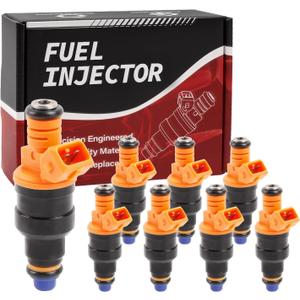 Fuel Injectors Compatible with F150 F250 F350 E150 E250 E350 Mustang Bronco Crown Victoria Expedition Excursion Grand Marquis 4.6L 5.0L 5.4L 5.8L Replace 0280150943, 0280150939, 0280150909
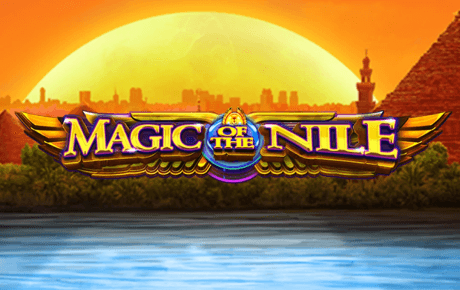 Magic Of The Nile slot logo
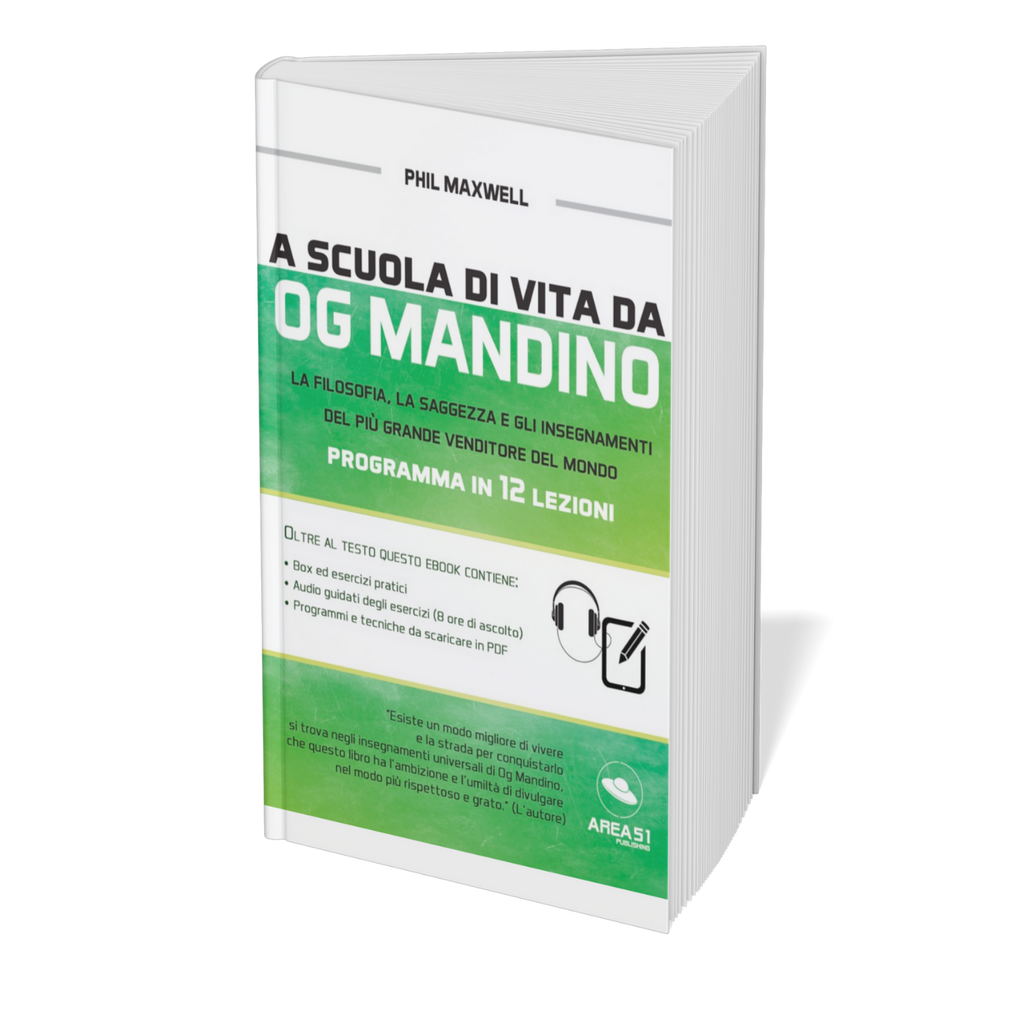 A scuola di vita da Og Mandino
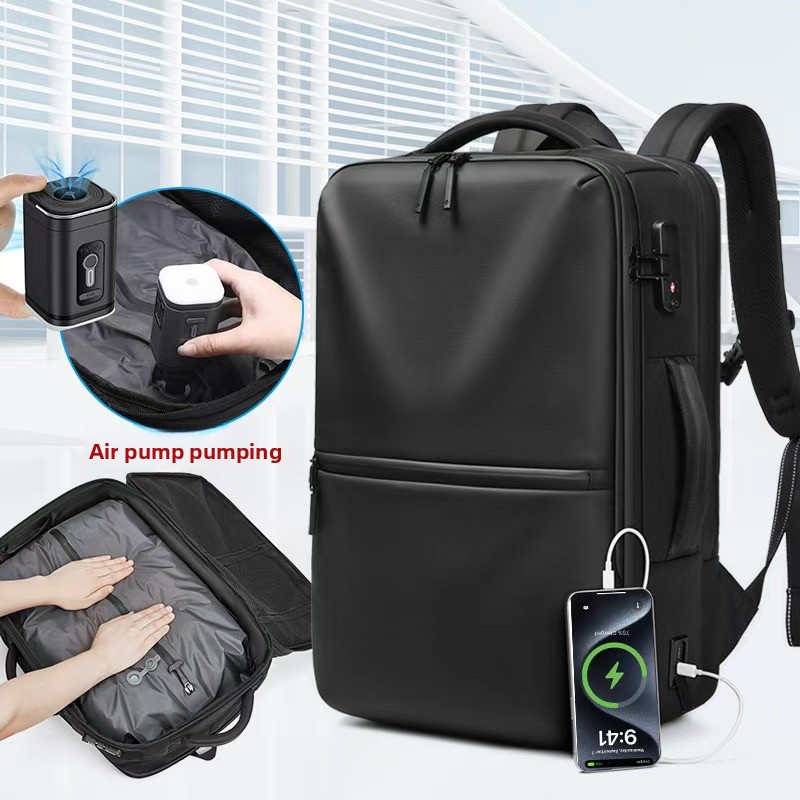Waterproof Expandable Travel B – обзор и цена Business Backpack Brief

---

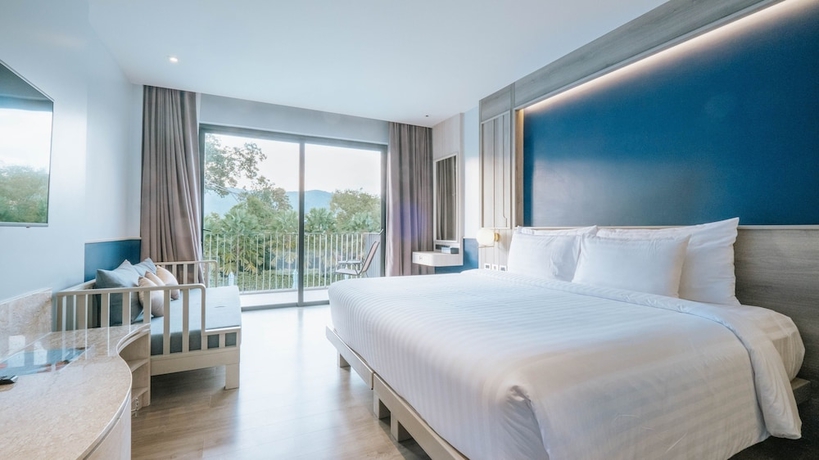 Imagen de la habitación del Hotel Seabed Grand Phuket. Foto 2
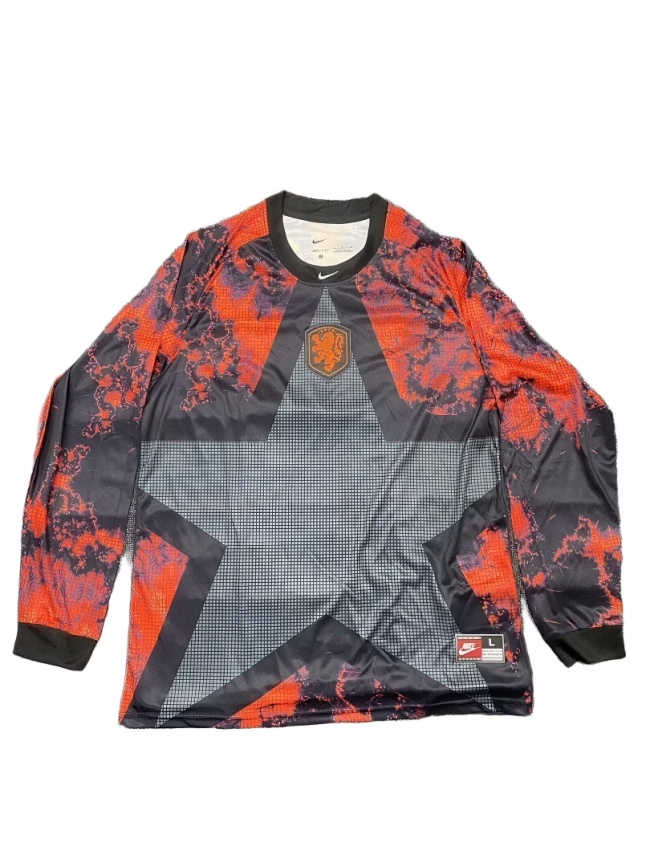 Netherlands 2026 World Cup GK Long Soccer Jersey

---

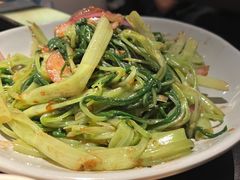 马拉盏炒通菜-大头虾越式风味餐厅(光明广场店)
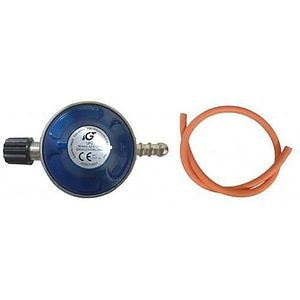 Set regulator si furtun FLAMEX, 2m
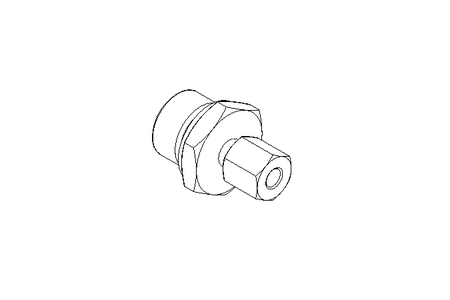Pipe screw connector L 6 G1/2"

— WHAT THIS TASK INVOLVES —
The lines to reproduce run from the one above containing "A scuola di vita da Og Mandino" through the one containing "Waterproof Expandable Travel". Copy them exactly and leave out all pictures.

— ANSWER BELOW —
 A scuola di vita da Og Mandino
Waterproof Expandable Travel B – обзор и цена Business Backpack Brief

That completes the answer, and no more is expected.